Retype all of the data that follows, line for line.

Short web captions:
▼

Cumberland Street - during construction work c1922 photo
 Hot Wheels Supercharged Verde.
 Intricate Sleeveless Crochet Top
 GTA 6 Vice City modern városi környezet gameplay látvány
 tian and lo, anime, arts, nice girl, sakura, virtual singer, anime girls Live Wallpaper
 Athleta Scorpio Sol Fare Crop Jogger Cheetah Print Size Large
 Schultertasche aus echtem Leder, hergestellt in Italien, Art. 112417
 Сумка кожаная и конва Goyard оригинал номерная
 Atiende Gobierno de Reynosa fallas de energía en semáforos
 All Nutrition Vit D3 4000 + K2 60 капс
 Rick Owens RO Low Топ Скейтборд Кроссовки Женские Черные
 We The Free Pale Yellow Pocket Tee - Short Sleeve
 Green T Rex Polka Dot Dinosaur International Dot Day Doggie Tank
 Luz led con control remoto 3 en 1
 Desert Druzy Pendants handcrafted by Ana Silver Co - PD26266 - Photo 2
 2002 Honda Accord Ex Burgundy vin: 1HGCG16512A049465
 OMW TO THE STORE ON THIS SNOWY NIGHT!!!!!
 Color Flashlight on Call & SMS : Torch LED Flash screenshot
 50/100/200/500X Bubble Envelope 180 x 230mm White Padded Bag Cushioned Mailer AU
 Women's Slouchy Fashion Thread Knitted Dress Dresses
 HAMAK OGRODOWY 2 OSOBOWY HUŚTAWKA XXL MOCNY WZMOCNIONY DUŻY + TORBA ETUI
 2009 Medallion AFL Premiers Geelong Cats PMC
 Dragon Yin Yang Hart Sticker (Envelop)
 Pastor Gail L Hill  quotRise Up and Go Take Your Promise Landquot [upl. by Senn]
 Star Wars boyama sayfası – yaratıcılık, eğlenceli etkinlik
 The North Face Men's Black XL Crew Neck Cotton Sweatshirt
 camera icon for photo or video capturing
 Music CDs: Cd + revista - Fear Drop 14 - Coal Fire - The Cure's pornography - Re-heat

▲

Answer space:
Cumberland Street - during construction work c1922 photo
 Hot Wheels Supercharged Verde.
 Intricate Sleeveless Crochet Top
 GTA 6 Vice City modern városi környezet gameplay látvány
 tian and lo, anime, arts, nice girl, sakura, virtual singer, anime girls Live Wallpaper
 Athleta Scorpio Sol Fare Crop Jogger Cheetah Print Size Large
 Schultertasche aus echtem Leder, hergestellt in Italien, Art. 112417
 Сумка кожаная и конва Goyard оригинал номерная
 Atiende Gobierno de Reynosa fallas de energía en semáforos
 All Nutrition Vit D3 4000 + K2 60 капс
 Rick Owens RO Low Топ Скейтборд Кроссовки Женские Черные
 We The Free Pale Yellow Pocket Tee - Short Sleeve
 Green T Rex Polka Dot Dinosaur International Dot Day Doggie Tank
 Luz led con control remoto 3 en 1
 Desert Druzy Pendants handcrafted by Ana Silver Co - PD26266 - Photo 2
 2002 Honda Accord Ex Burgundy vin: 1HGCG16512A049465
 OMW TO THE STORE ON THIS SNOWY NIGHT!!!!!
 Color Flashlight on Call & SMS : Torch LED Flash screenshot
 50/100/200/500X Bubble Envelope 180 x 230mm White Padded Bag Cushioned Mailer AU
 Women's Slouchy Fashion Thread Knitted Dress Dresses
 HAMAK OGRODOWY 2 OSOBOWY HUŚTAWKA XXL MOCNY WZMOCNIONY DUŻY + TORBA ETUI
 2009 Medallion AFL Premiers Geelong Cats PMC
 Dragon Yin Yang Hart Sticker (Envelop)
 Pastor Gail L Hill  quotRise Up and Go Take Your Promise Landquot [upl. by Senn]
 Star Wars boyama sayfası – yaratıcılık, eğlenceli etkinlik
 The North Face Men's Black XL Crew Neck Cotton Sweatshirt
 camera icon for photo or video capturing
 Music CDs: Cd + revista - Fear Drop 14 - Coal Fire - The Cure's pornography - Re-heat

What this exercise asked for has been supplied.